Data supplied: Begin
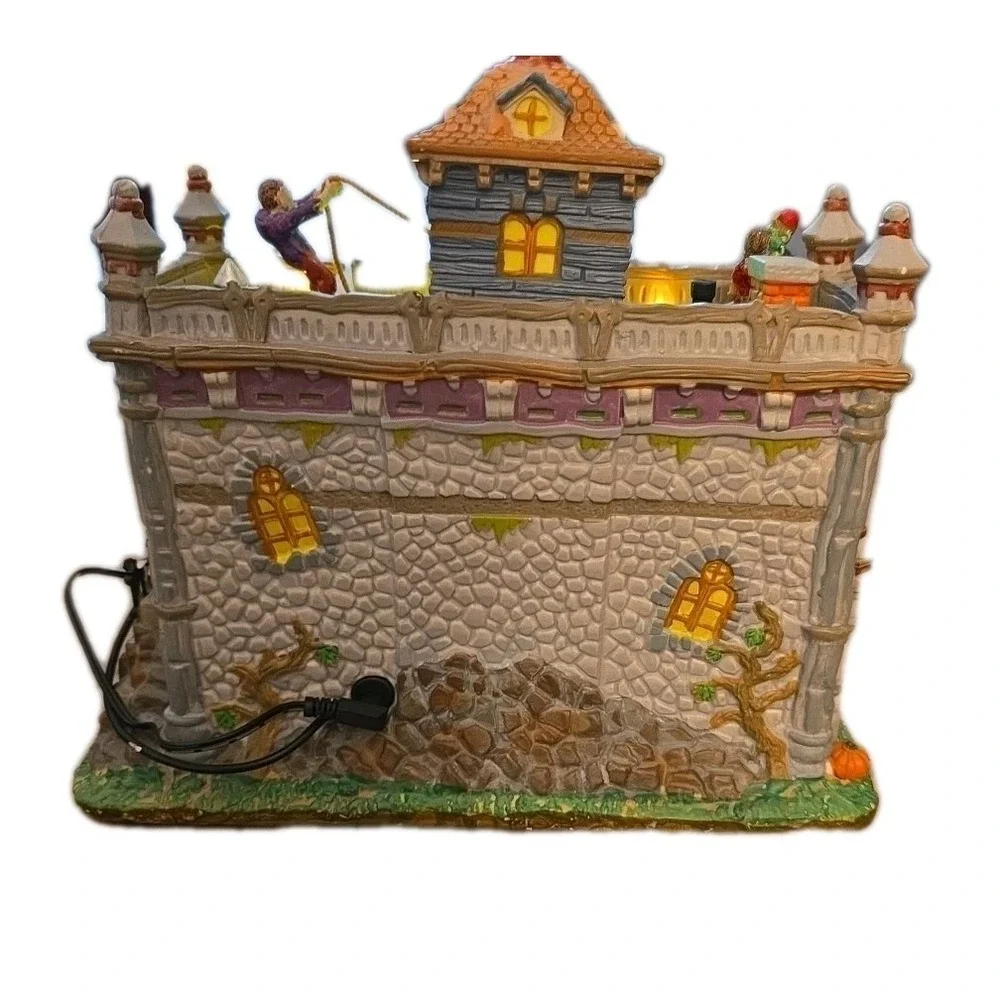 Lemax Spooky Town Horror High School  w/ box - Lights Works!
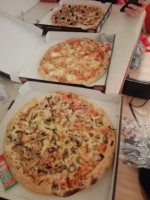 Pizza Hotimes Serris food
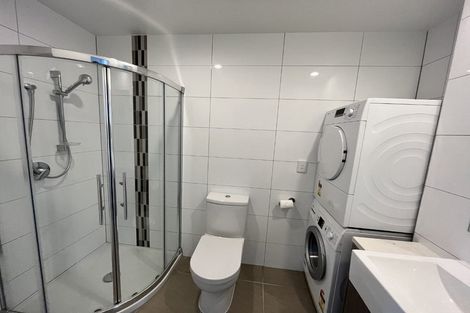 Photo of property in Apollo Apartments, 1/46g Rosedale Road, Rosedale, Auckland, 0632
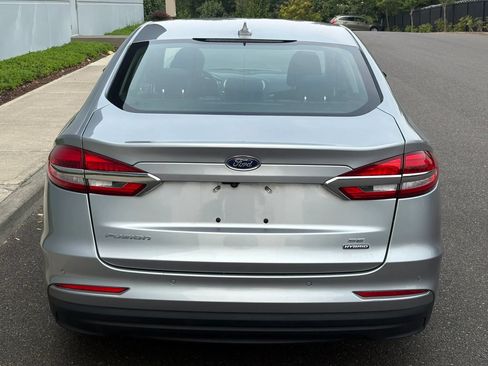 Used 2020 Ford Fusion SE FWD image 5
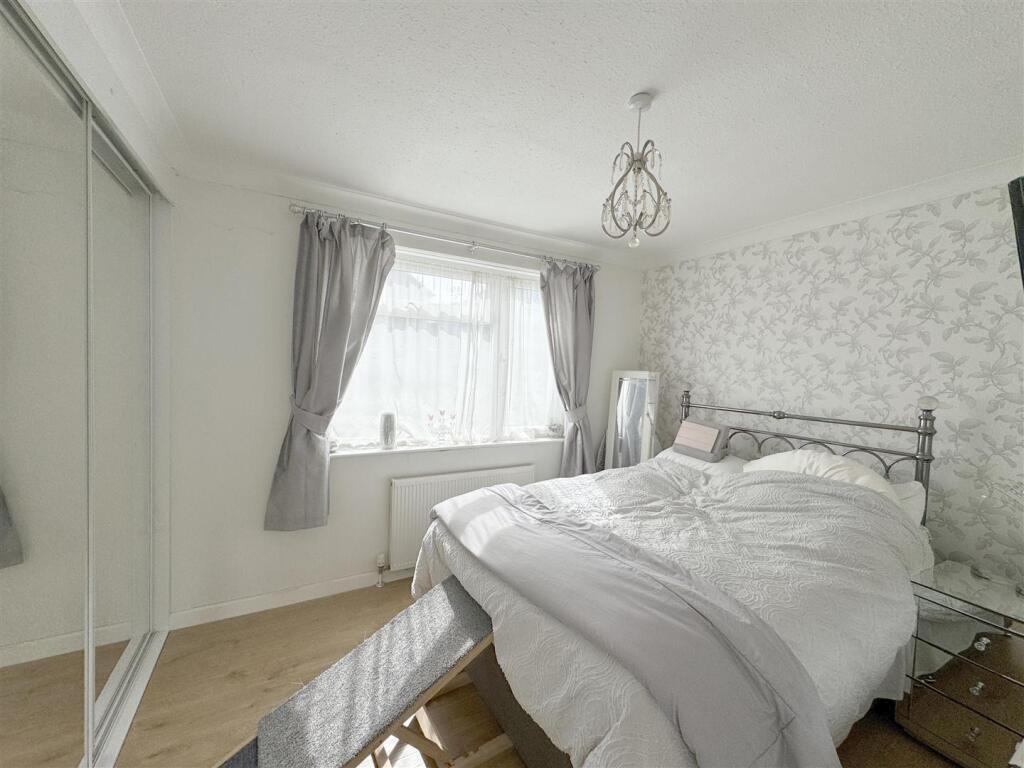 Bedroom (Grd Floor)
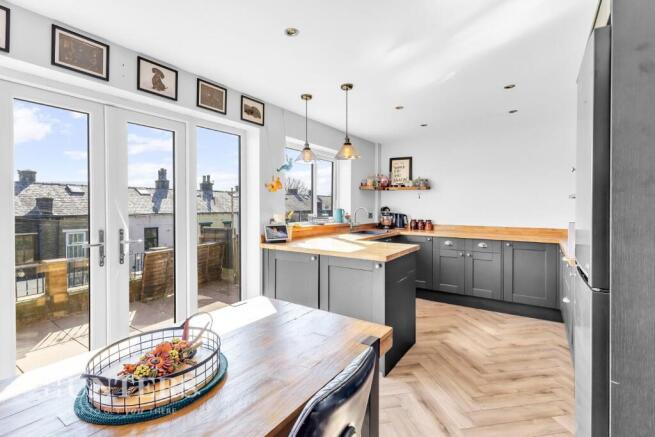Dining kitchen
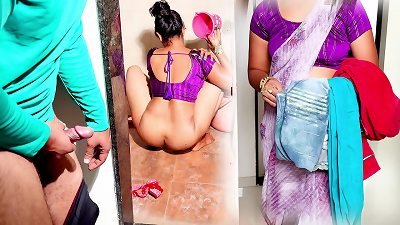 There was no tap water in Komal's friend's house, she came to our mansion to take a bath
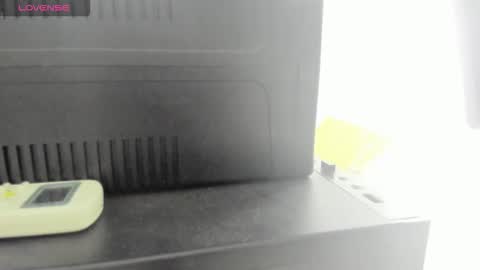 lady_miss___ online show from March 27, 2026, 12:05 pm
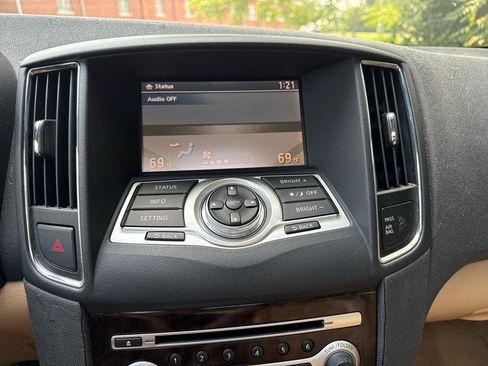 Used 2010 Nissan Maxima 3.5 SV w/ Premium Pkg FWD image 13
Data supplied: End
• Exercise description
Output the data above without changes, apart from leaving out the pictures.

• The completed task
 Lemax Spooky Town Horror High School  w/ box - Lights Works!
 Pizza Hotimes Serris food
 Photo of property in Apollo Apartments, 1/46g Rosedale Road, Rosedale, Auckland, 0632
 Used 2020 Ford Fusion SE FWD image 5
 Bedroom (Grd Floor)
Dining kitchen
 There was no tap water in Komal's friend's house, she came to our mansion to take a bath
 lady_miss___ online show from March 27, 2026, 12:05 pm
 Used 2010 Nissan Maxima 3.5 SV w/ Premium Pkg FWD image 13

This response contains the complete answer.